- **EXERCISE MATERIAL**
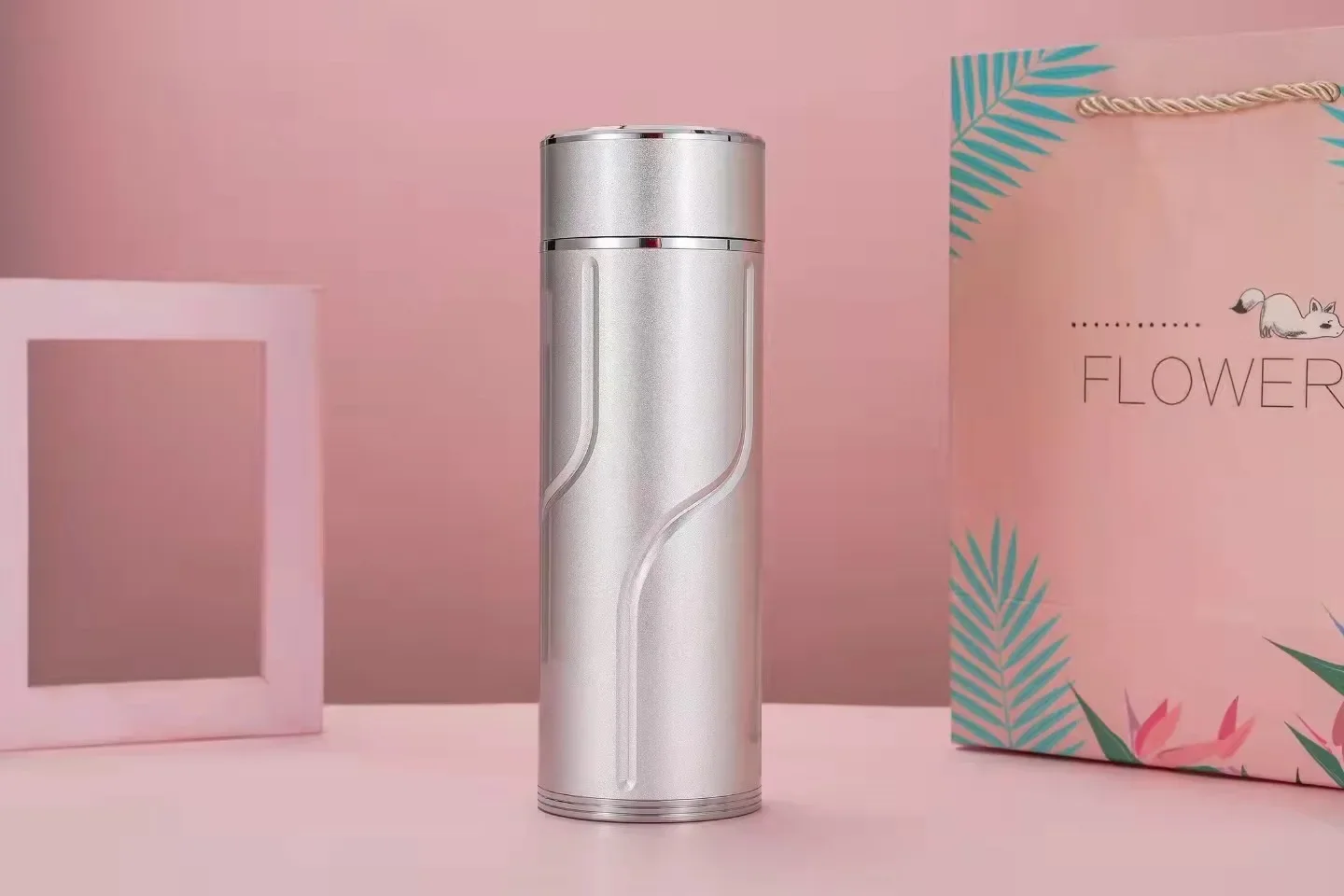 Thermos cup,Sterling Silver Liner,999 Solid Silver,Business gifts,Vacuum Insulation,Water And Tea Separation,High-end BOTTLE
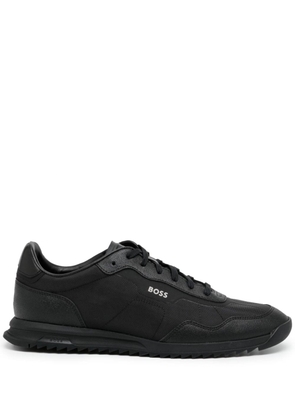 BOSS tonal low-top sneakers - Black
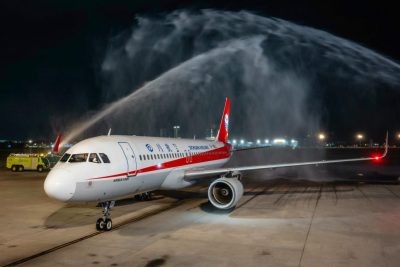 成都槟城开通直航 首航近乎满座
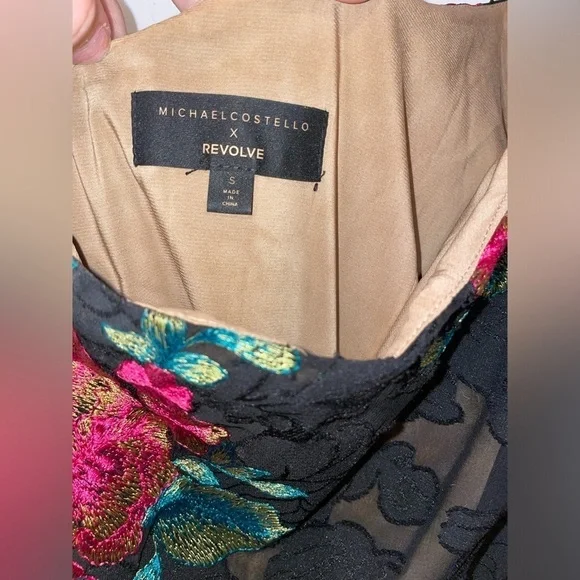 Michael Costello x REVOLVE Sasha Mini Dress in Fuchsia Floral 🌺 - Picture 12 of 13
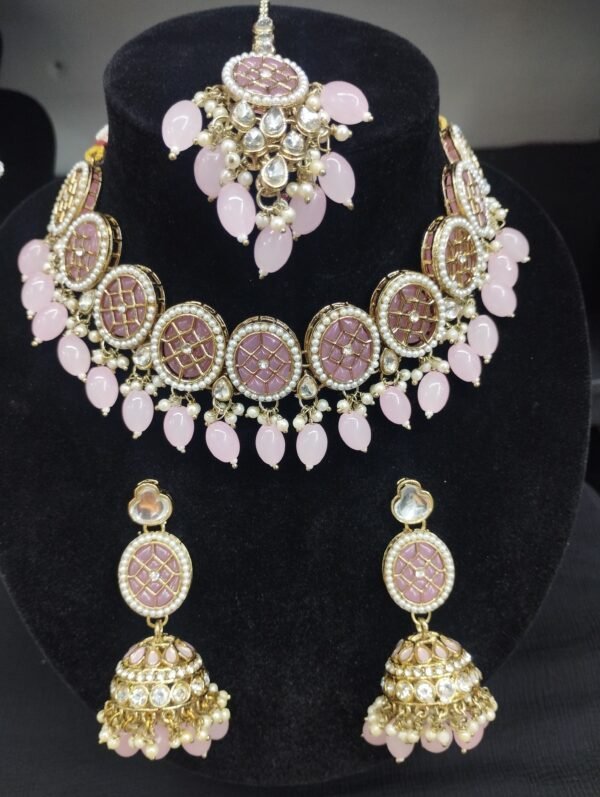 Pink Necklace Set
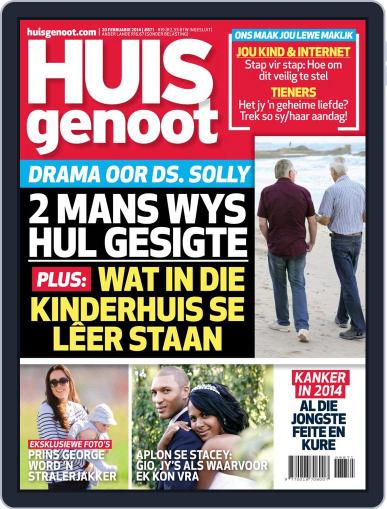 Huisgenoot February 13th, 2014 Digital Back Issue Cover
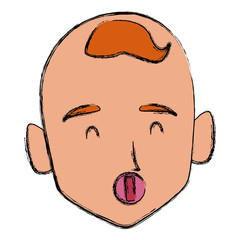 Cute baby cartoon icon vector illustration graphic design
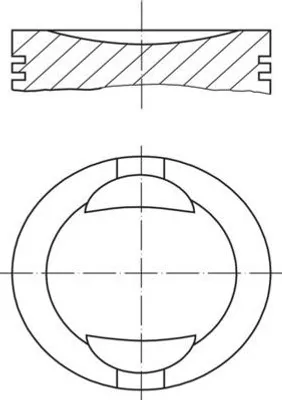 Produktbild von MAHLE 009 36 00 Kolben für FIAT PANDA (169) Seicento / 600 Schrägheck (187) Panda Schrägheck (141) PUNTO (176) CINQUECENTO (170)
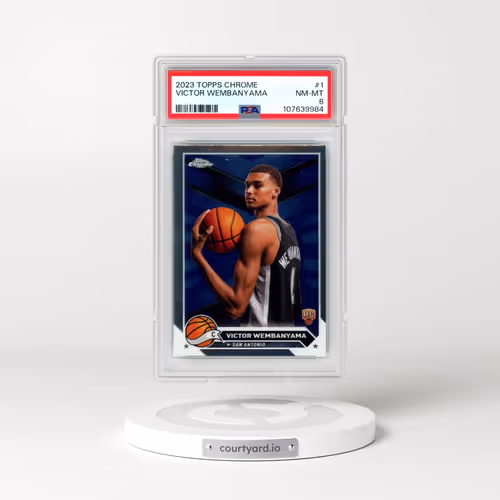 2023 Topps Chrome #1 Victor Wembanyama (PSA 8 NM-MT)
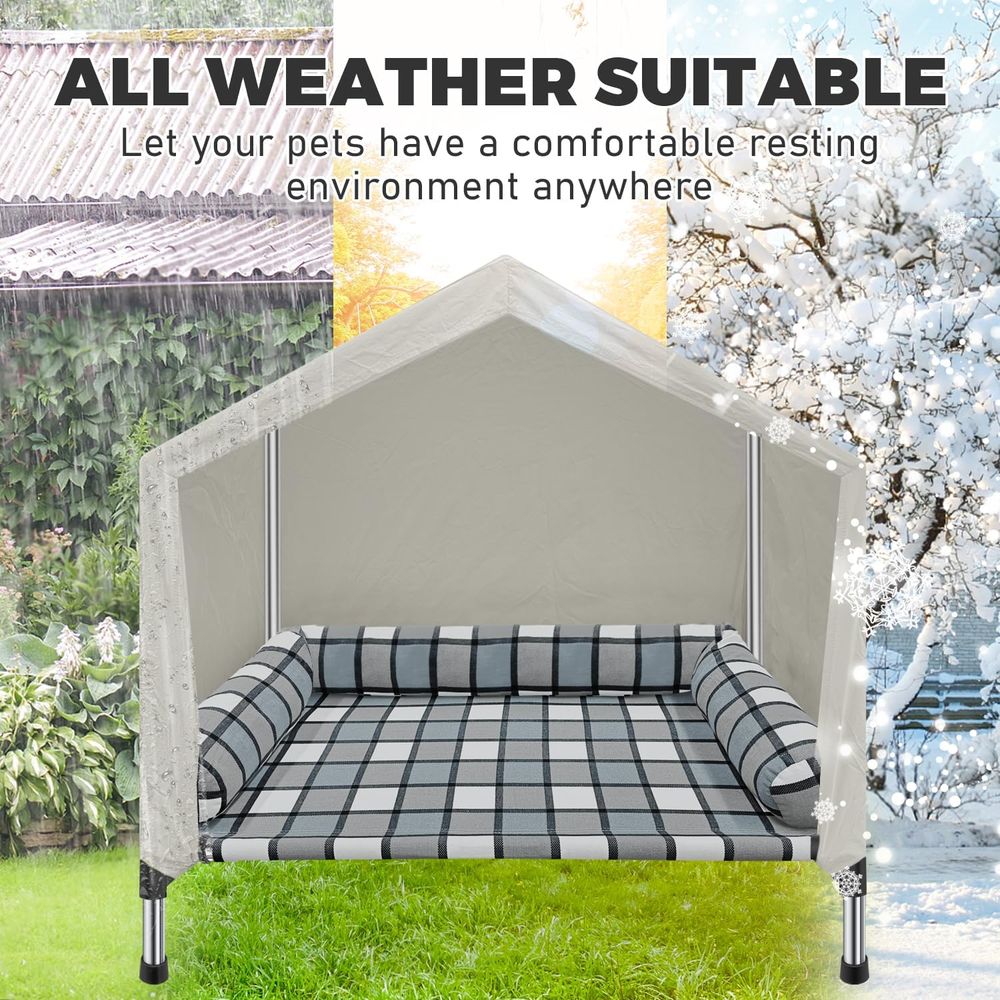 Yükseltilmiş Köpek Yatağı Evi  - Camping Outdoor Or Indoor incelemesi ve fiyatı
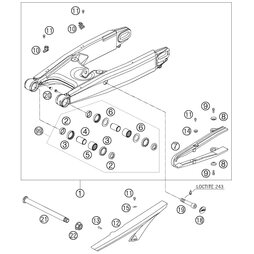 HALTESCHELLE FÜR BREMSSCHLAUCH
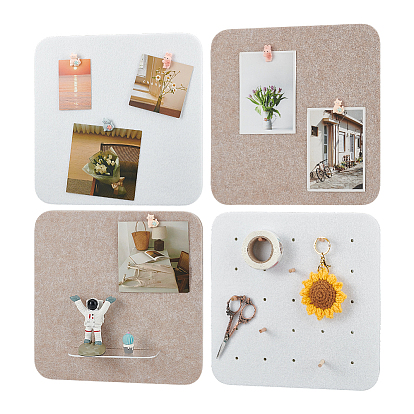 4шт. 4 стили квадратная самоклеящаяся фетровая доска объявлений, форум для домашнего офиса и школы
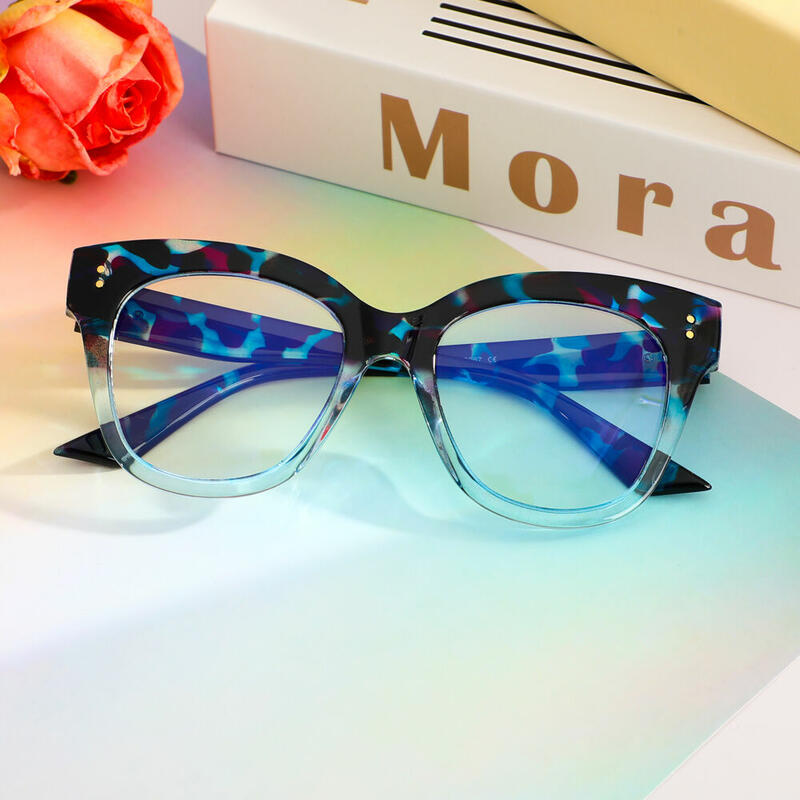 Augustine Quadratische Blaue Brillen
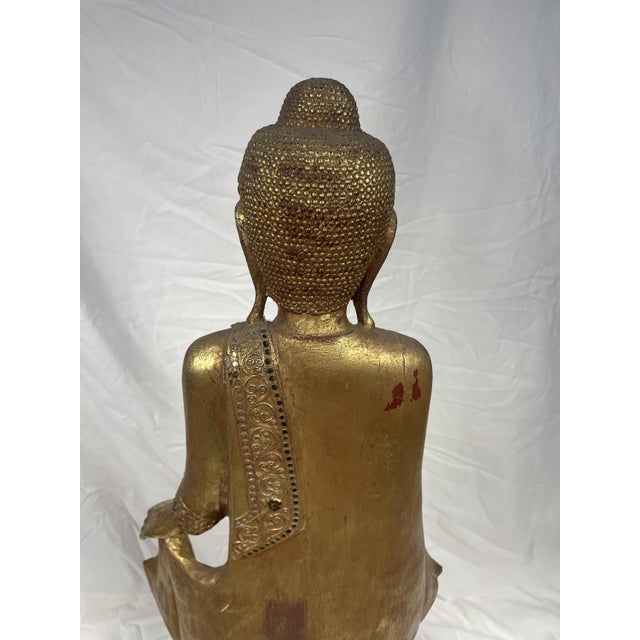 Burmese Artist, Buddha, Late 19th Century, Wood For Sale - Image 6 of 10
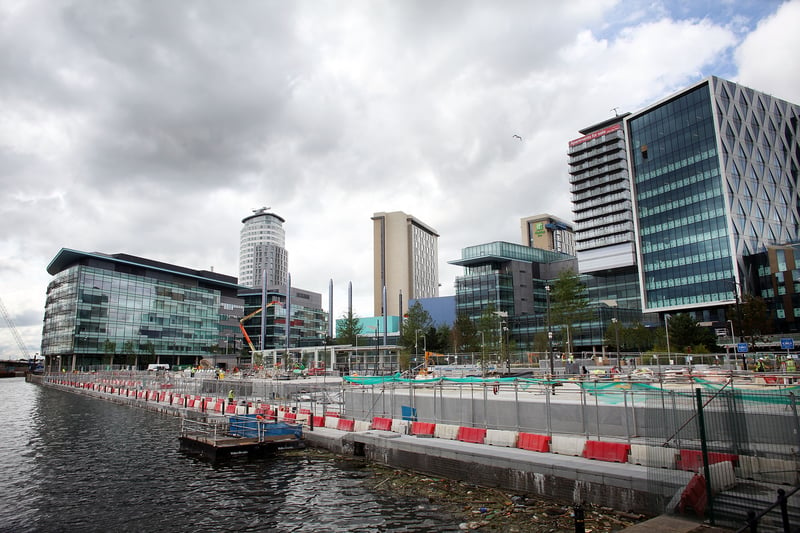 Media City under construction. Credit: Christopher Furlong/Getty Images
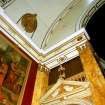 Church interior, detail of decorative plasterwork.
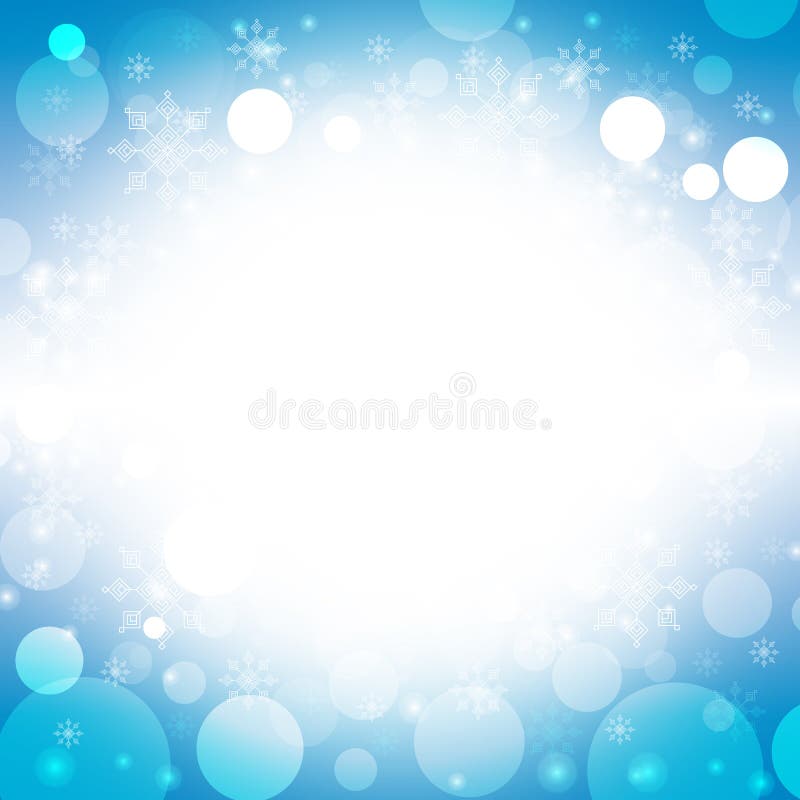 Fondo azul profundo de la Navidad con los copos de nieve blancos. Extracto azul profundo del fondo de la Navidad con los copos de nieve blancos - diseñe por la Navidad, el invierno y el Año Nuevo
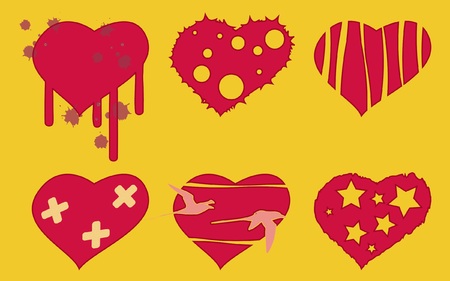 heart shapesのイラスト素材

- **WORK ITEM**
Leaving aside every picture, transcribe exactly the lines that run from the one with "Augustine Quadratische Blaue Brillen" to the close of the listing above.

- **RESPONSE**
 Augustine Quadratische Blaue Brillen
 Burmese Artist, Buddha, Late 19th Century, Wood For Sale - Image 6 of 10
 Media City under construction. Credit: Christopher Furlong/Getty Images
 Church interior, detail of decorative plasterwork.
 Fondo azul profundo de la Navidad con los copos de nieve blancos. Extracto azul profundo del fondo de la Navidad con los copos de nieve blancos - diseñe por la Navidad, el invierno y el Año Nuevo
 heart shapesのイラスト素材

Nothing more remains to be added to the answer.